**Task description**
In the records below, the lines between the one holding "Wallenford Roasted Whole" and the one holding "2026 Spring New", inclusive, are to be transcribed exactly; no pictures are to be included.

**Supplied records**
+--

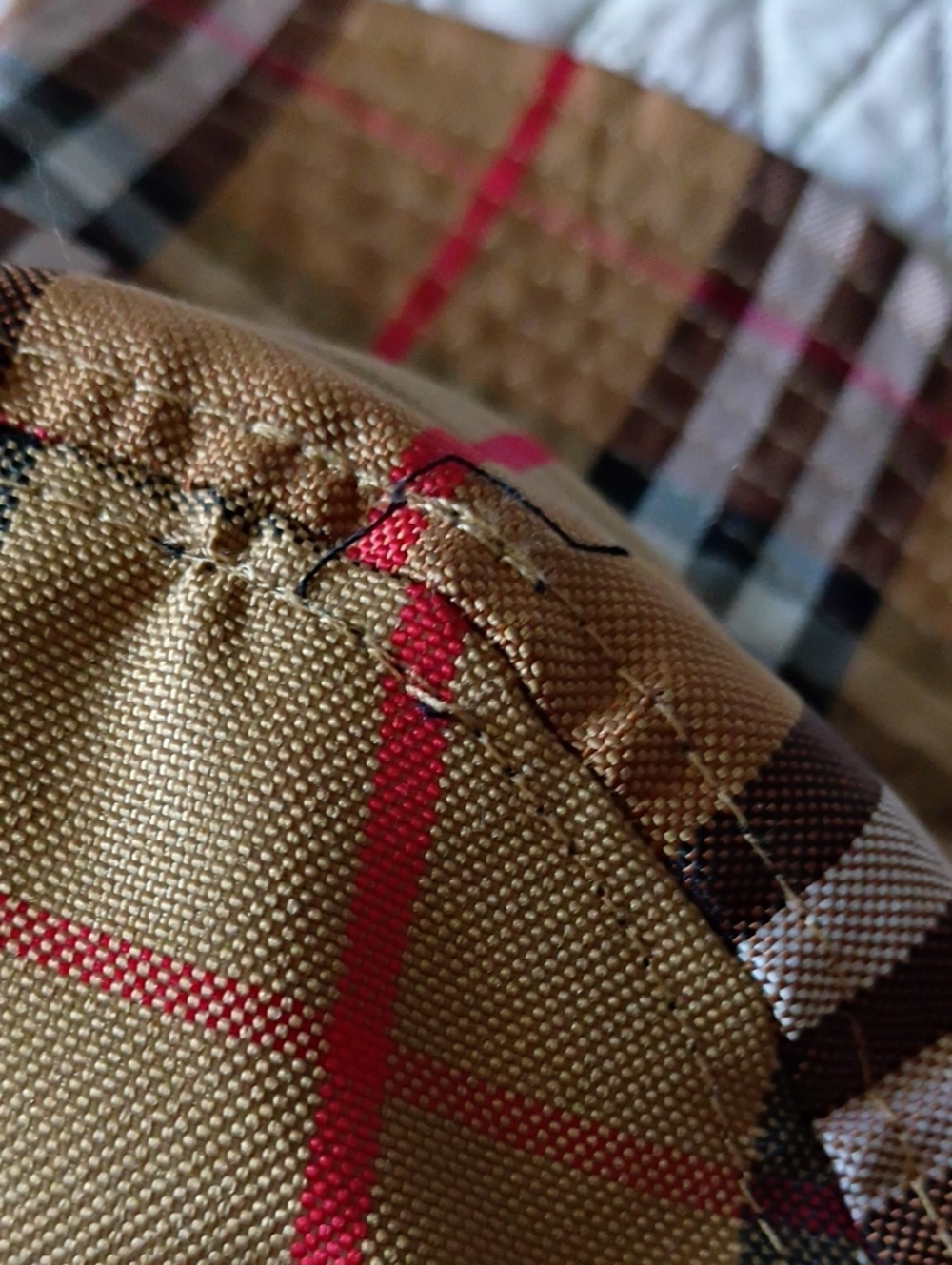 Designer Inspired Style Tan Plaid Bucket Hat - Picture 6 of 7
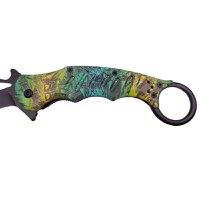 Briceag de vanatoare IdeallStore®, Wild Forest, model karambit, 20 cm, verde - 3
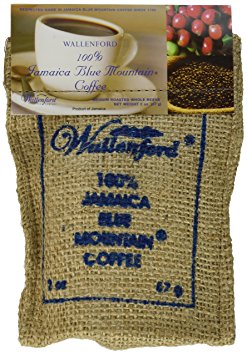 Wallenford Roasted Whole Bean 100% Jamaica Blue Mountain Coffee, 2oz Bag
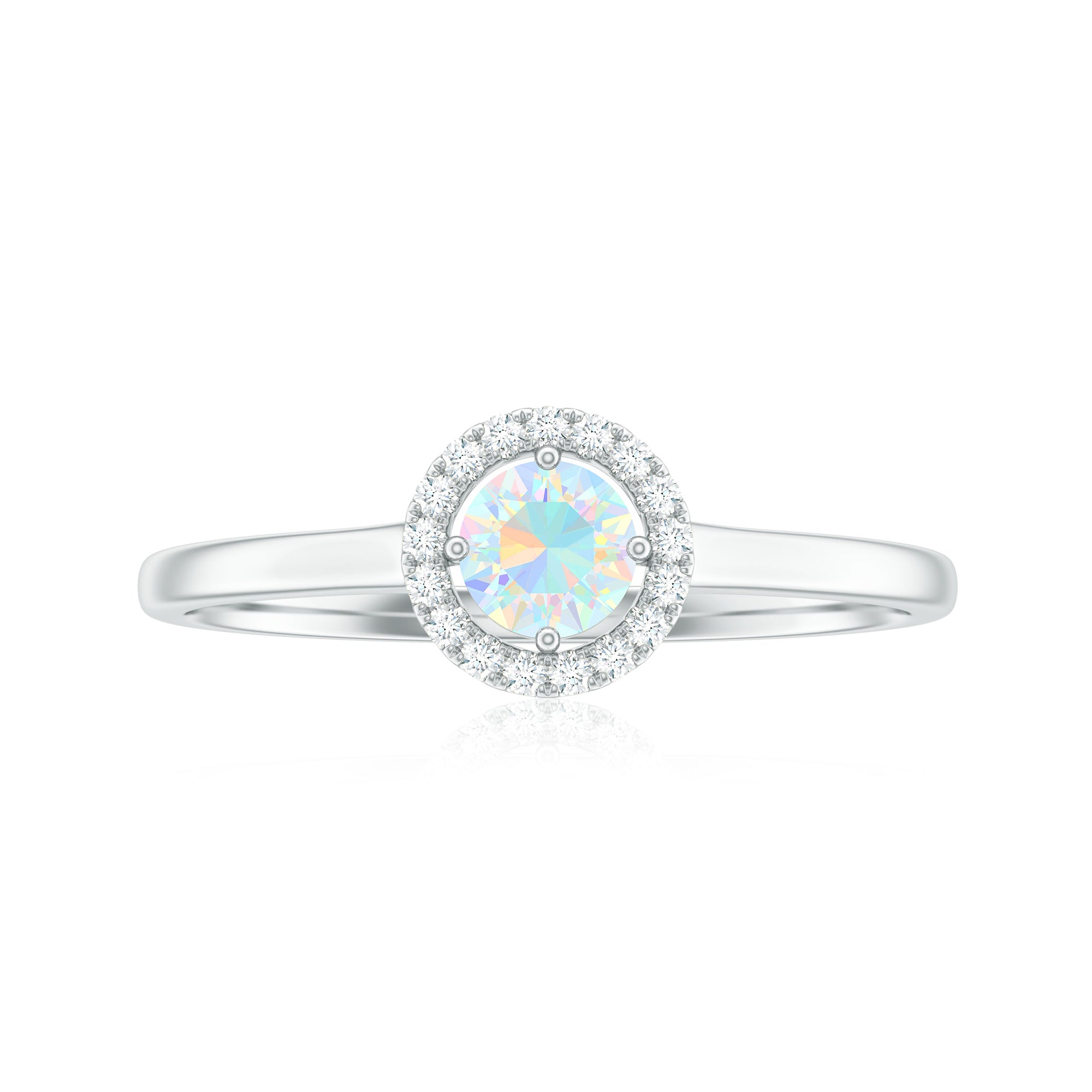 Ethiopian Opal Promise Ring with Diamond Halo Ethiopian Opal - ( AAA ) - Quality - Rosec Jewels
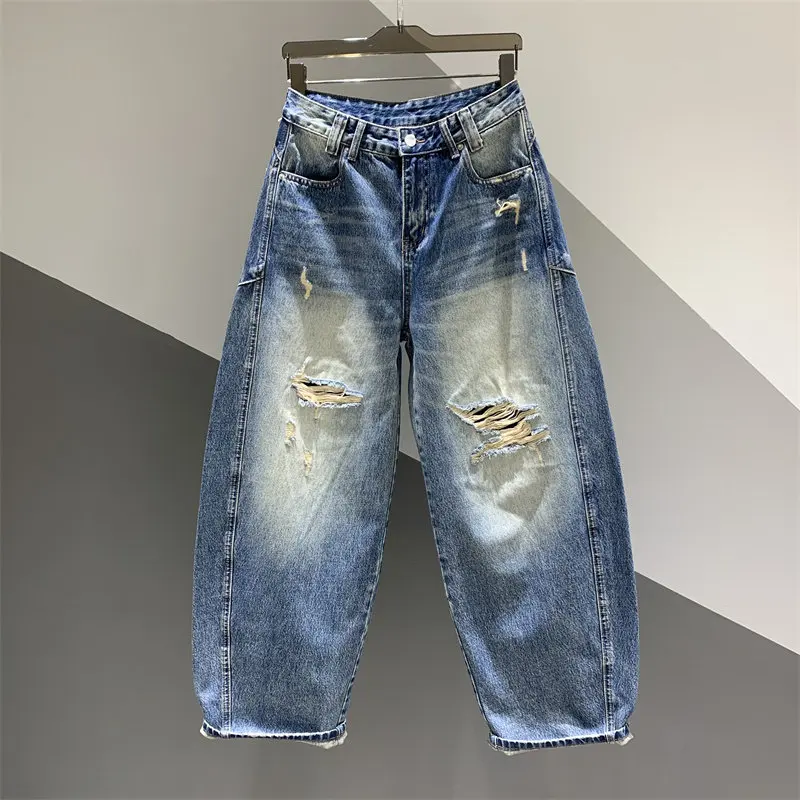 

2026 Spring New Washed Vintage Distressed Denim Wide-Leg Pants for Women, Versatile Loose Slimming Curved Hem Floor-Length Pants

+--

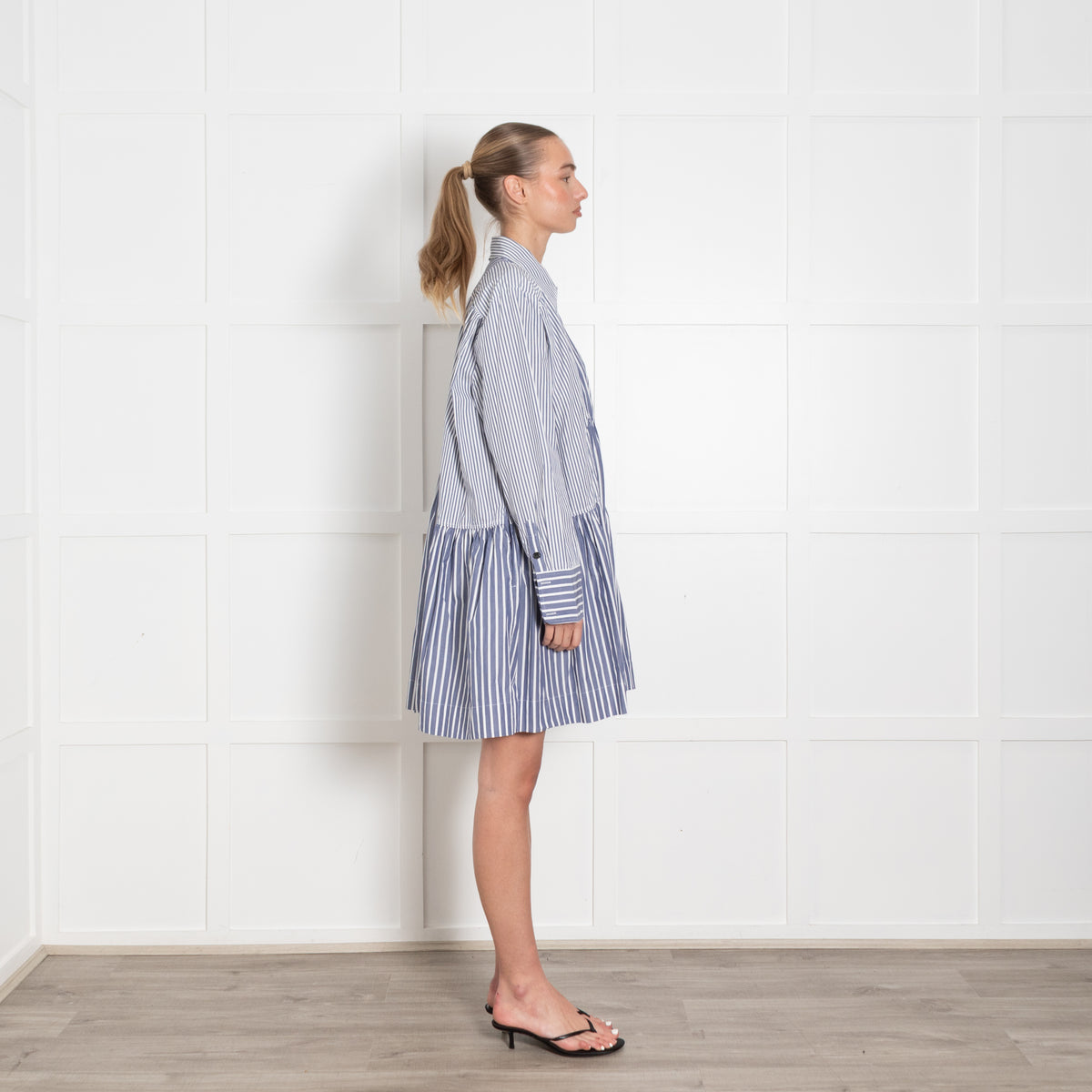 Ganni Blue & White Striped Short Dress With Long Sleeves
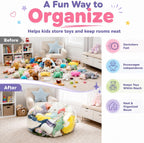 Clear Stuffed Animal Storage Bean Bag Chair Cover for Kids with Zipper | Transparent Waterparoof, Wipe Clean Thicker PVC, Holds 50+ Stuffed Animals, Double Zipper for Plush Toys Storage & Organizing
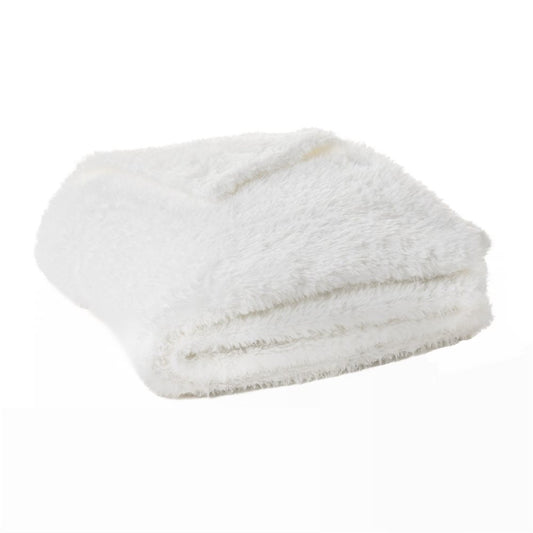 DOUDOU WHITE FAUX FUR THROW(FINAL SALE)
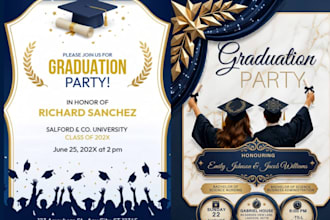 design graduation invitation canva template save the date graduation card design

+--

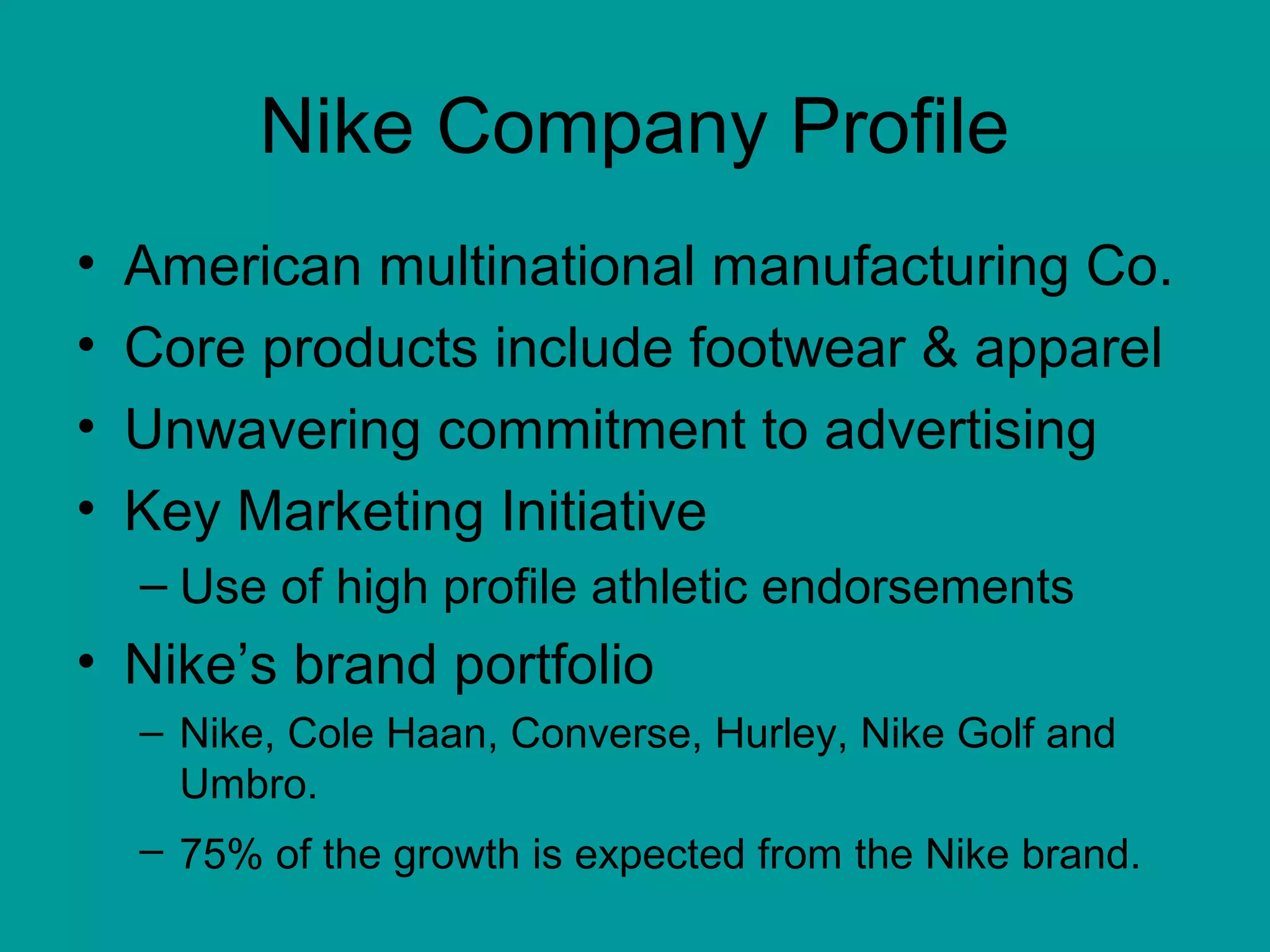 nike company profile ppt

+--

**Result**
 Wallenford Roasted Whole Bean 100% Jamaica Blue Mountain Coffee, 2oz Bag
 Ethiopian Opal Promise Ring with Diamond Halo Ethiopian Opal - ( AAA ) - Quality - Rosec Jewels

2026 Spring New Washed Vintage Distressed Denim Wide-Leg Pants for Women, Versatile Loose Slimming Curved Hem Floor-Length Pants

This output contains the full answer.